10 years. Really? Because I remember everything like it was yesterday. Every. Disturbing. Detail. Burned into my psyche, like a bad tattoo. I did not have to be anywhere near Ground Zero to experience the reverberations of my country’s greatest tragedy. It changed me. It changed the world. It changed everything.
10 years ago, I was still in college, newly engaged to my now-husband, and living in downtown Minneapolis. I was fighting a nasty flu bug and made the decision to skip class and sleep in that morning. Given my illness, I could have slept all day, but instead I awoke to a phone call from my fiance. He was in between classes and told me to turn on the tv. He wasn’t sure what was going on, but everyone was talking about something horrible in New York City. I turned on the news just in time to witness the South Tower collapse live on tv.
The whole thing was so very disconcerting. Nobody seemed to know for sure what was happening, but we all knew it was bad. Very bad. My tv was on all day every day for days on end. I couldn’t stop watching. I couldn’t turn away. It didn’t seem real.
I remember sitting in the urgent care waiting room later that day, still sick, watching the non-stop live media coverage. My stomach was already churning, but my condition was exacerbated by the horror laid out before me on the screen. I wanted to vomit. I wanted to cry. I wanted my mother.
I remember sitting with my fiance on the grand stair steps leading up to my university library in the middle of the city and gazing up into the empty sky. On any normal day, it would have been dotted with planes streaking across the wide, blue expanse. But suddenly “normal” didn’t exist anymore. To this day, that eerie sky remains one of my most haunting memories.
I remember wanting nothing more than to be home with my family and all the people I loved, just to hold them close. The future seemed so terribly uncertain. Suddenly, I no longer had a desire to travel to Hawaii for my honeymoon. I just wanted to be safe and riding on airplane didn’t seem that it would ever be safe anymore. I wasn’t even sure I would see my wedding day. What was next? When was round two? Would we be annhilated by nuclear warfare by the time June rolled around? I wanted out of the city.
I remember the confusion. All of my life I had been taught to love your enemies and pray for the people who persecute you. And I tried. I really tried. At one point, not long after the attacks, I carefully clipped a small picture of Osama bin Laden from a Time magazine and placed it in my Bible. I looked into his eyes for a long time, searching for some sort of reasoning there. (How could you do this?) I prayed for him. I prayed for the victims. I prayed for their families. I admit it seems a strange gesture now, but at the time, I was just trying to make sense of it all.

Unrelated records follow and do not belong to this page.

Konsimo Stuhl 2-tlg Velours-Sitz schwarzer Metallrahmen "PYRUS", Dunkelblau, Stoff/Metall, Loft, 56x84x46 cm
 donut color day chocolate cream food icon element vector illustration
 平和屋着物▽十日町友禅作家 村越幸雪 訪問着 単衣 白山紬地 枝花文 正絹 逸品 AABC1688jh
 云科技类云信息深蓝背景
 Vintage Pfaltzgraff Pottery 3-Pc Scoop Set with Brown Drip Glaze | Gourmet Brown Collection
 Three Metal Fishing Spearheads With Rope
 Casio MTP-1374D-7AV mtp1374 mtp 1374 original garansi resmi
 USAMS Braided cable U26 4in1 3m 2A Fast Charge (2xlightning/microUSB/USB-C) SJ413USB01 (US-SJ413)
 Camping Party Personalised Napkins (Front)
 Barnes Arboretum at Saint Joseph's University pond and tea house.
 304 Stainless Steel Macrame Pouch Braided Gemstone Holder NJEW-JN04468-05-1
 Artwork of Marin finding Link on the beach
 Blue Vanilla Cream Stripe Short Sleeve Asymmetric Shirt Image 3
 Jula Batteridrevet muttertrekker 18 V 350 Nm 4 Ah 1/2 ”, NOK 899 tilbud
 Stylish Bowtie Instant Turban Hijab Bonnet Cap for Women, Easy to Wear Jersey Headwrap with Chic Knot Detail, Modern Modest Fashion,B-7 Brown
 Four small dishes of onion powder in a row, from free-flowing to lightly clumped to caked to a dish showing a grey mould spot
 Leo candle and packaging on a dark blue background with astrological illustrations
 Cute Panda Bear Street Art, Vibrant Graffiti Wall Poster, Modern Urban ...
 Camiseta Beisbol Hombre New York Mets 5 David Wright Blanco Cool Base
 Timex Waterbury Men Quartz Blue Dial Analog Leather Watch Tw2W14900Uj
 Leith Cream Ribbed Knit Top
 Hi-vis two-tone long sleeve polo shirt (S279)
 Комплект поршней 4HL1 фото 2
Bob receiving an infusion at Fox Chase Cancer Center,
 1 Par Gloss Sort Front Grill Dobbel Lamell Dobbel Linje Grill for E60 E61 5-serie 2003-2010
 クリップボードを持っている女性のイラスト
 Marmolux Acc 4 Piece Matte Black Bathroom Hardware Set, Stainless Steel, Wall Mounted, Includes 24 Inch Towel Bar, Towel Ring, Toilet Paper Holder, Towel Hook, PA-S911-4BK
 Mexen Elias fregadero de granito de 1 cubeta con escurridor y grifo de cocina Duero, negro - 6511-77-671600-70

I remember the fresh sense of patriotism that welled up in all of us. Americans standing united under God. No one could break our spirit. Nothing could stop us. We were unbreakable. Flags seemed to wave more proudly, our anthem sung more valiantly, and our heads held more highly than before.
And before we knew it… 10 years.
So as I commemorate this day, I remember the victims and their families. I pray for enduring peace and love that transcends all. I pray for unending joy and bright futures. And I pray for freedom.
“He heals the heartbroken
and bandages their wounds.
He counts the stars
and assigns each a name.
Our Lord is great, with limitless strength;
we’ll never comprehend what he knows and does.
God puts the fallen on their feet again
and pushes the wicked into the ditch.”